→ **WORK TASK**:
Without including any pictures, give back all of the data exactly.

→ **TASK INPUTS**:

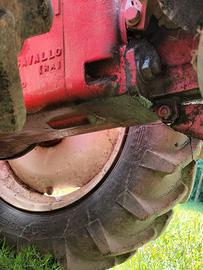 Motocoltivatore Randi con fresa 100 cm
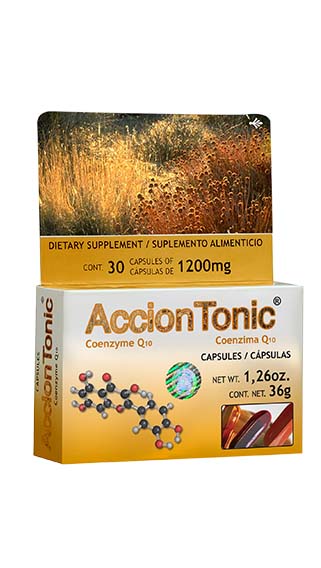 ACCIONTONIC ® COENZIMA Q10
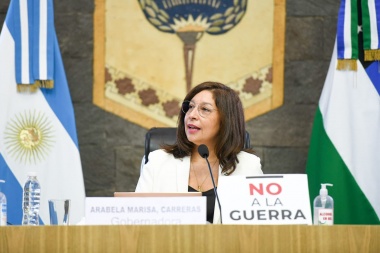 Arabela Carreras: “Estamos siendo protagonistas de un momento bisagra"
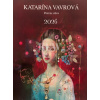 Katarina Vávrová - Poezia srdca (Luxusní kalendář 2026) | Katarina Vavrová (SK)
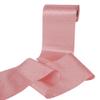 LEEQE Pink Satin Ribbon with Rhinestone 6" x 25 Yards Shiny Heat Transfer Decorative Ribbon for Gift Wrapping Party Decoration Bouquets Hair Bows view 1
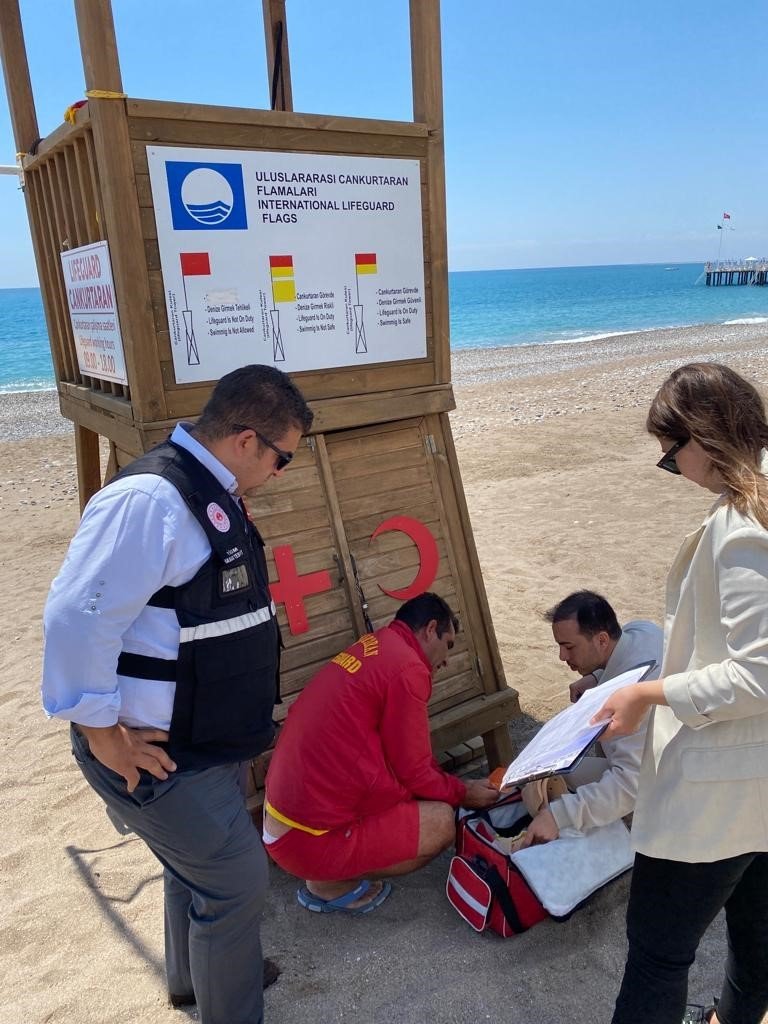 Alanya’da Mavi Bayraklı Tesislerin Denetimleri Başladı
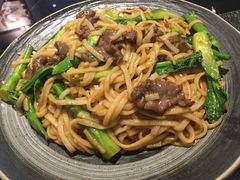 芥兰牛肉果条-南国会酒家(岗顶1站广场店)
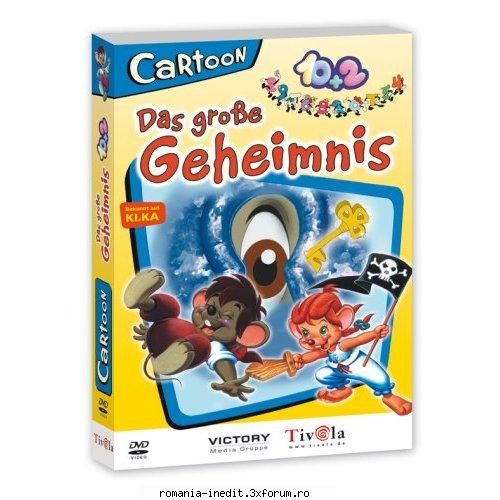 Desene animate, cantecele, povesti etc. in limba GERMANA - melitta - Filme pentru copii - Movies for kids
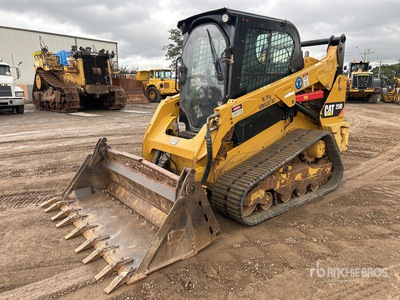 2018 Cat 259D Two-Speed Compacte Schranklader
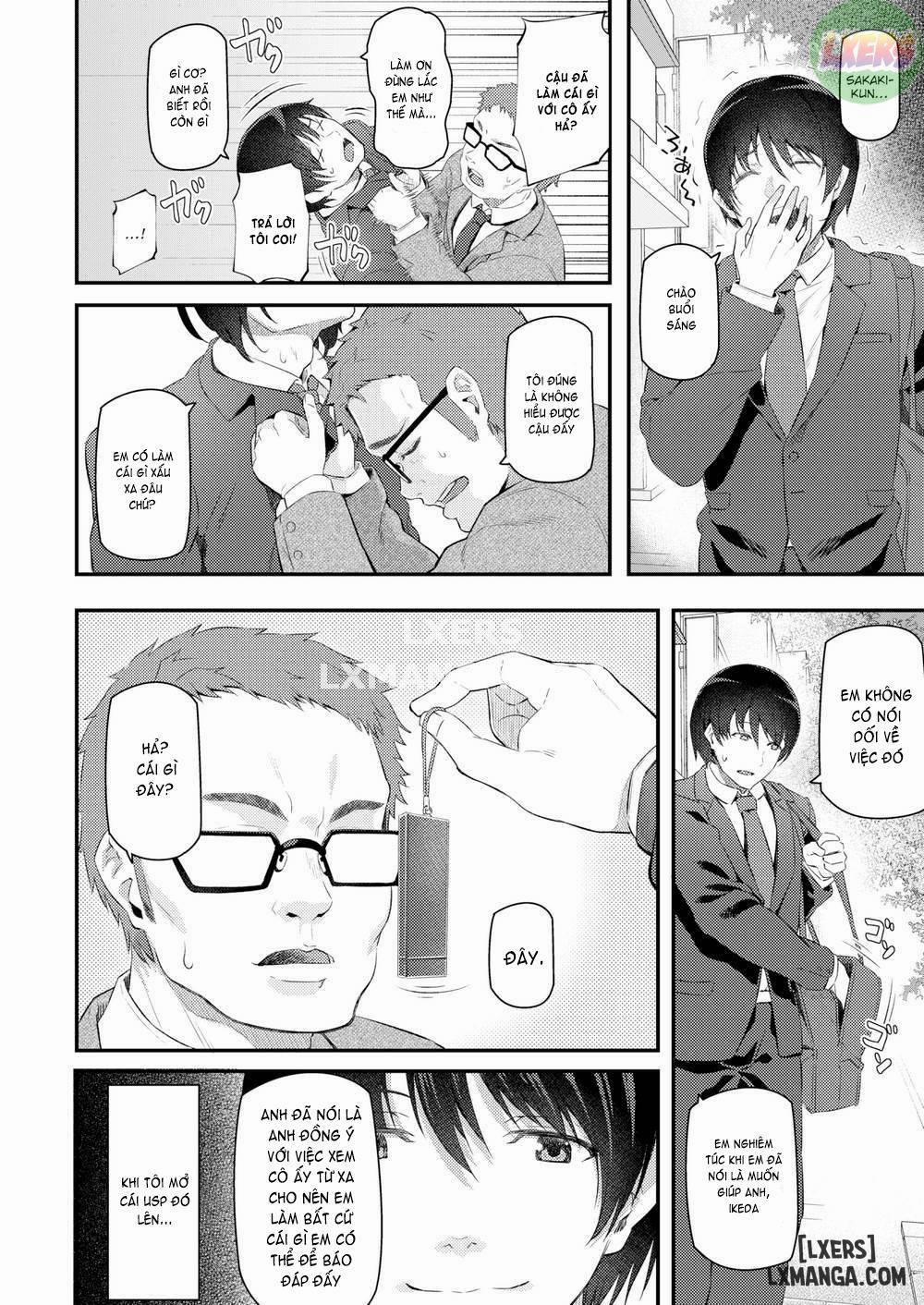 Rookie OL Morifuji Ririko Oneshot trang 7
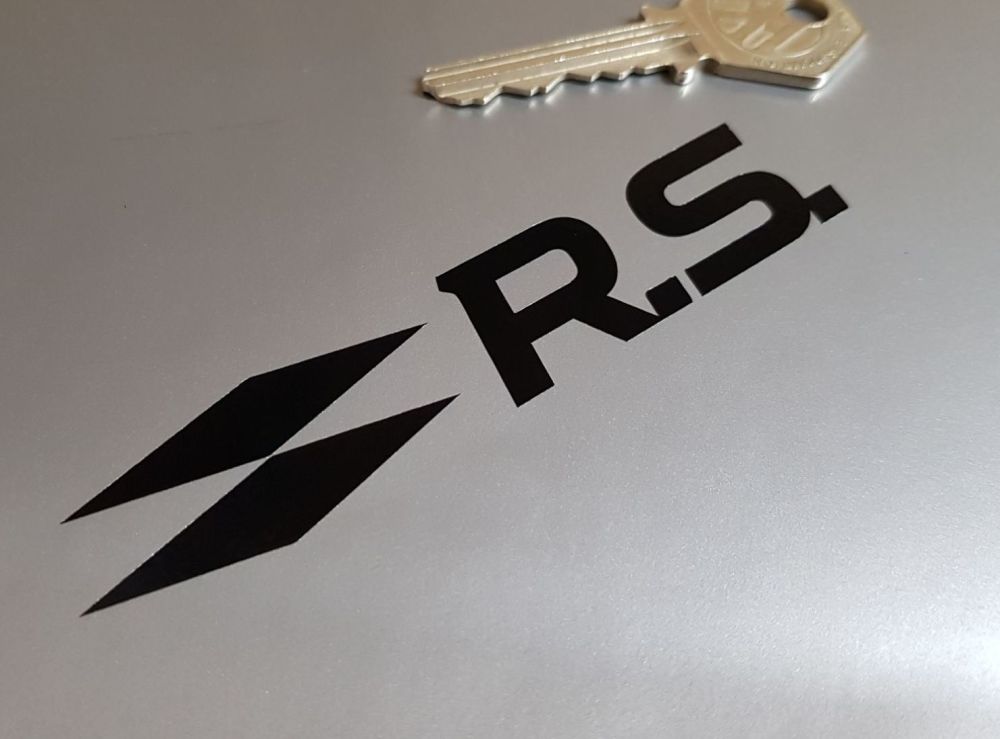 Renault RS Cut Vinyl Stickers 4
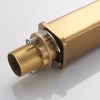 Смеситель для раковины Shevanik S4011G на столешницу золото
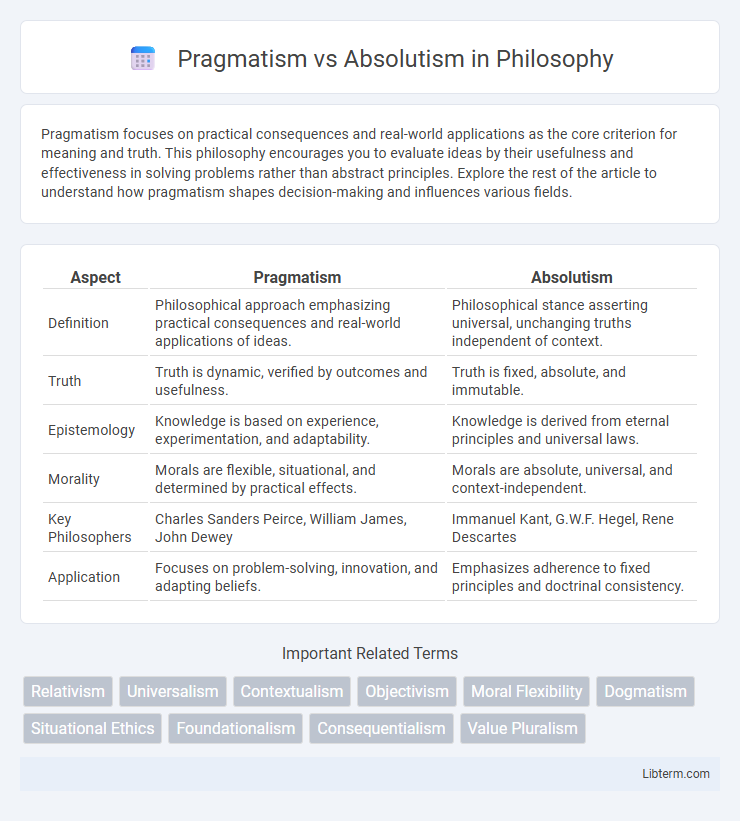 Absolutism vs Pragmatism in Philosophy - What is The Difference?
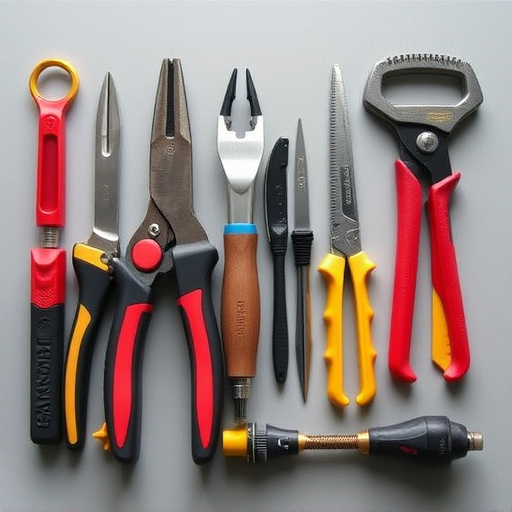 collision repair tools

→ **YOUR RESPONSE**:
 Motocoltivatore Randi con fresa 100 cm
 ACCIONTONIC ® COENZIMA Q10
 Arabela Carreras: “Estamos siendo protagonistas de un momento bisagra"
 Katarina Vávrová - Poezia srdca (Luxusní kalendář 2026) | Katarina Vavrová (SK)
 LEEQE Pink Satin Ribbon with Rhinestone 6" x 25 Yards Shiny Heat Transfer Decorative Ribbon for Gift Wrapping Party Decoration Bouquets Hair Bows view 1
 Alanya’da Mavi Bayraklı Tesislerin Denetimleri Başladı
 芥兰牛肉果条-南国会酒家(岗顶1站广场店)
 Desene animate, cantecele, povesti etc. in limba GERMANA - melitta - Filme pentru copii - Movies for kids
 2018 Cat 259D Two-Speed Compacte Schranklader
 Rookie OL Morifuji Ririko Oneshot trang 7
 Renault RS Cut Vinyl Stickers 4
 Смеситель для раковины Shevanik S4011G на столешницу золото
 Absolutism vs Pragmatism in Philosophy - What is The Difference?
 collision repair tools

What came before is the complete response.